_Prompt_.
Would you please repeat all of the data exactly, omitting the pictures?

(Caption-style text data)
• • • • • • •
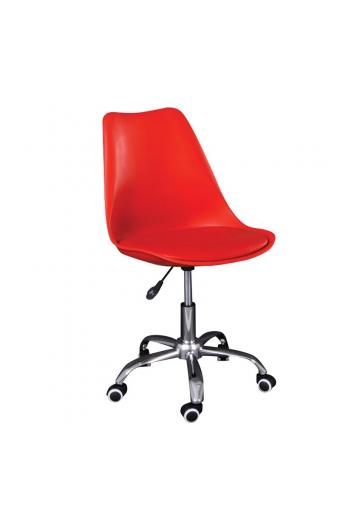 MARTIN Καρέκλα Γραφείου Χρώμιο PP Κόκκινο, Μονταρισμένη Ταπετσαρία, Pu Κόκκινο Συσκ.1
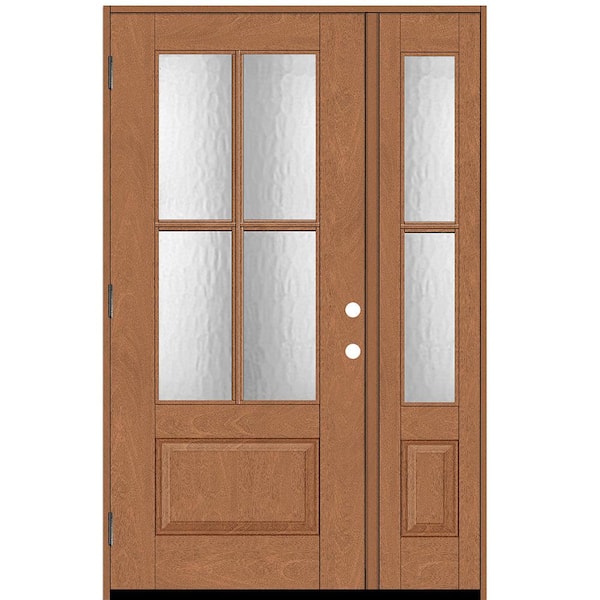 Steves & Sons Regency 53 in. x 80 in. 3/4Lite 4SDL Oasis Deco Glass RHOS Prefinish AutumnWht Fiberglass Prehung Front Door w/1_ 14inSL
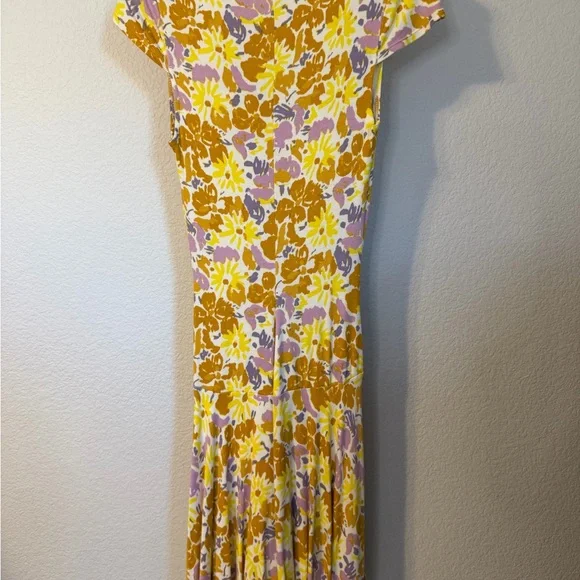 Free People Floral Ruched V Neck Midi Dress Yellow Purple XS - Picture 5 of 5
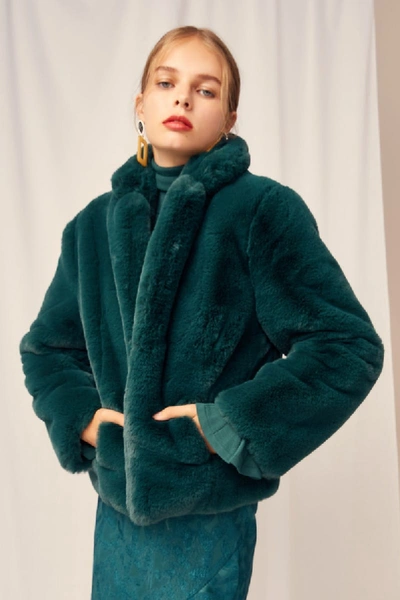 Shop Keepsake Stay With Me Fur Coat In Emerald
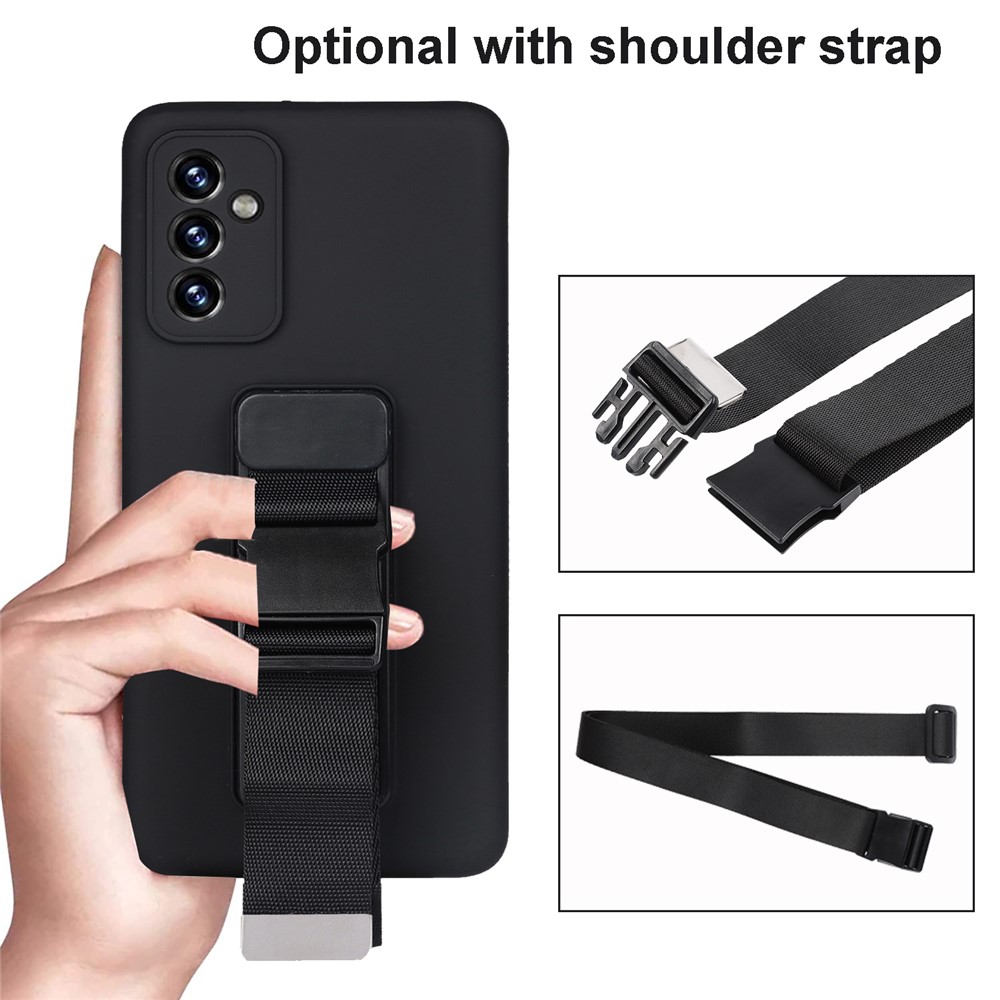 Adjustable Wristband Kickstand Design Shockproof Anti-fall Soft TPU Cover with Long Strap for Samsung Galaxy A52 4G/5G/A52s 5G - Green-7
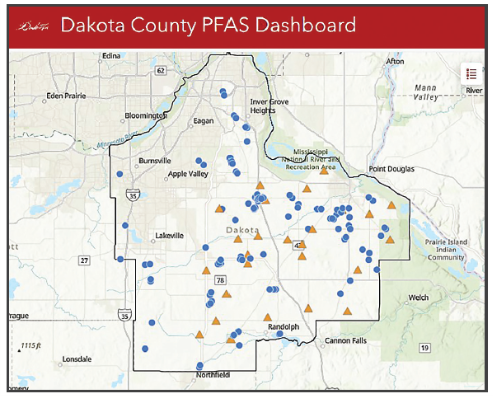 A map of Dakota County showing the distribution of PFAS sites, marked with blue circles and orange triangles, with city names and major roads overlaid.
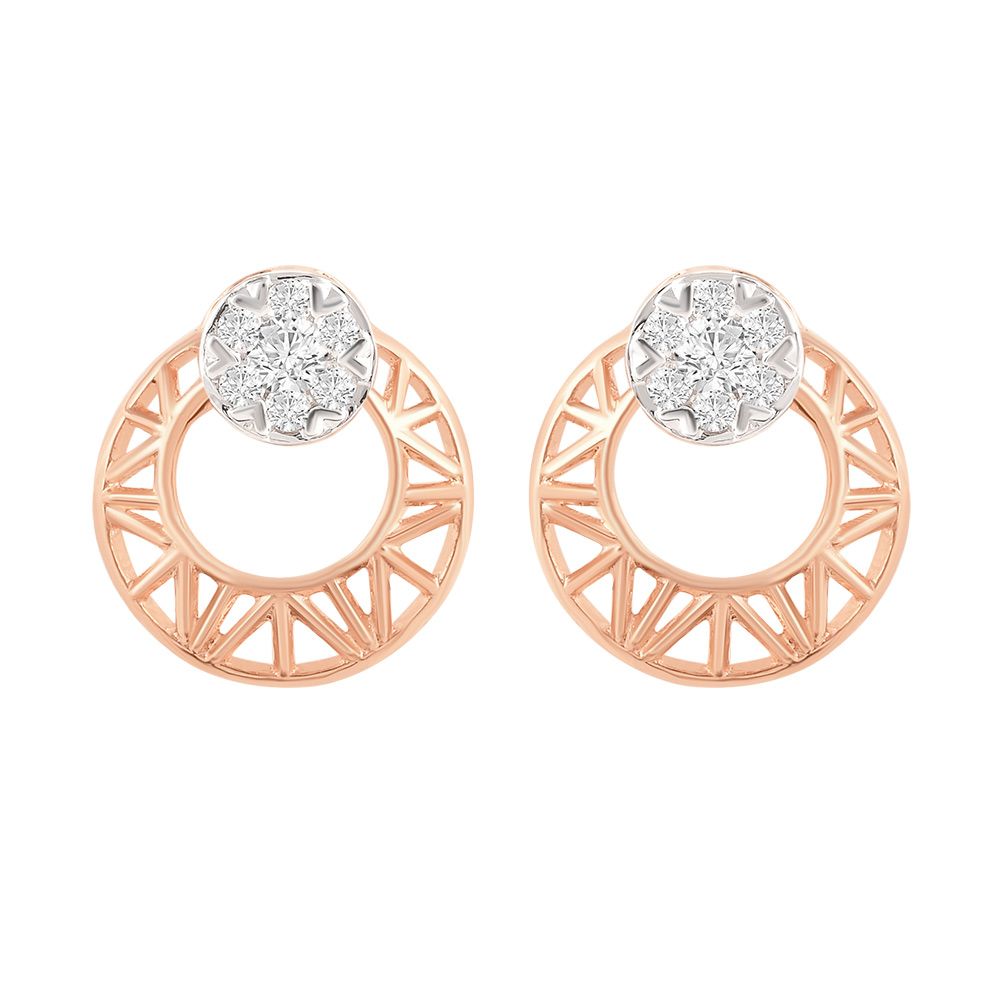 Pretty Lattice Pattern Diamond Studs-Earrings-OER24I10-D900X0C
• • • • • • •
_Answer to the problem_.
 MARTIN Καρέκλα Γραφείου Χρώμιο PP Κόκκινο, Μονταρισμένη Ταπετσαρία, Pu Κόκκινο Συσκ.1
 Steves & Sons Regency 53 in. x 80 in. 3/4Lite 4SDL Oasis Deco Glass RHOS Prefinish AutumnWht Fiberglass Prehung Front Door w/1_ 14inSL
 Free People Floral Ruched V Neck Midi Dress Yellow Purple XS - Picture 5 of 5
 Shop Keepsake Stay With Me Fur Coat In Emerald
 Adjustable Wristband Kickstand Design Shockproof Anti-fall Soft TPU Cover with Long Strap for Samsung Galaxy A52 4G/5G/A52s 5G - Green-7
 A map of Dakota County showing the distribution of PFAS sites, marked with blue circles and orange triangles, with city names and major roads overlaid.
 Pretty Lattice Pattern Diamond Studs-Earrings-OER24I10-D900X0C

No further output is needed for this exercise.